By Matters India Reporter

Panaji, May 19, 2022: A former Catholic priest who had fought for Goa’s causes won a case against an illegal construction eight years after his death.

Bismarque Dias, who was known as Goa’s activist priest, had protested against a string of controversial, land intensive projects across Goa.

He had also opposed an illegal structure in a No Development Zone (NDZ).

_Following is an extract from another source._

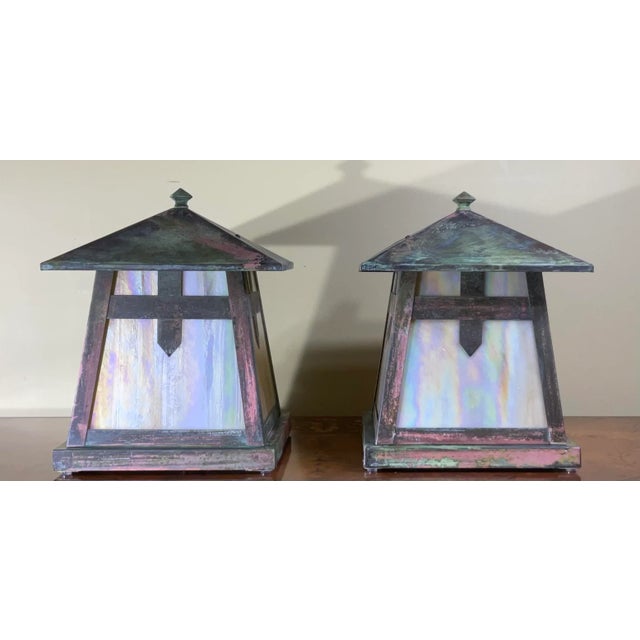 Arts & Crafts One of a Kind Pair of Art and Craft Copper Table Lamp For Sale - Image 3 of 13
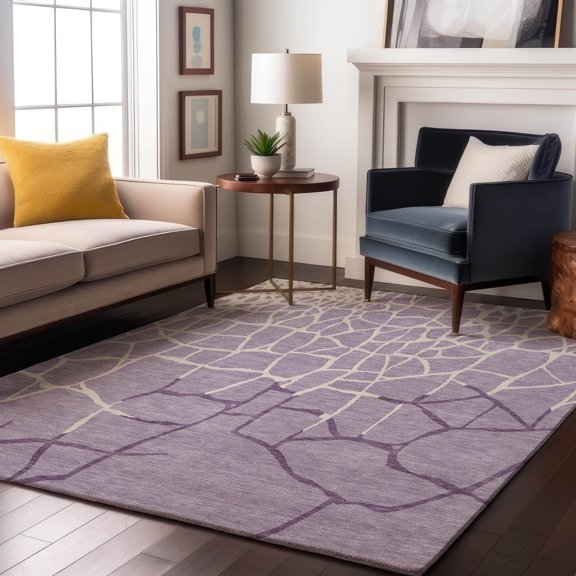 Addison Rugs Mayfield Premium Machine Washable Transitional Squares Lavender Rectangle Rug, 8' x 10'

He died in November 2015 under mysterious circumstances.

The Bombay High Court on May 18 directed the Goa Coastal Zone Management Authority (GCZMA) to demolish the structure built in the St Estevam NDZ, within three months and then file a compliance report to the court, reports heraldgoa.in.

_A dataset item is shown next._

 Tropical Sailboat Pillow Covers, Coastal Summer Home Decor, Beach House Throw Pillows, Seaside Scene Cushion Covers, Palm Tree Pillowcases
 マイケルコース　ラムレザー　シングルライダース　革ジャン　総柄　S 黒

The court has also asked the coastal authority to furnish the compliance report’s copy to Rohit Bras de Sa, counsel for the petitioner late Dias.

Additional Government Advocate Sapna Mordekar has promised to the court that the structure would be demolished in two months from the date of the order.

The division bench comprising Justice Mahesh Sonak and Justice Valmiki S A Menezes had on September 15, 2016, issued an interim order asking the authorities to seal the controversial structure.

The interim order came as two other respondents Rohidas Narvekar and Seema Narvekar challenged the GCZMA action before the National Green Tribunal (NGT) Western Zone based in Pune.

The NGT on October 31, 2014, dismissed the case and directed the GCZMA to demolish the structure.

Relatives of Dias had alleged foul play in his death. Dias, then 52-year-old, was found dead in the Mandovi river near St. Estevam island in North Goa, around on the intervening night of November 5 and 6, 2015.

After his body was fished out, the opposition parties and civil society activists demanded a probe into his death. The police had found his clothes, mobile phone and other personal effects at the river bank.

Dias had participated in a series of civil society protests over land intensive projects ranging from a new greenfield airport, a golf course and an electronic city that the government had planned at Tuem, 45 km from Panaji.

Dias also filed a complaint with the National Green Tribunal bench in Pune over the construction of an alleged illegal road in his village.

His family members and supporters had refused to bury his body. He was finally laid to rest three years after his death.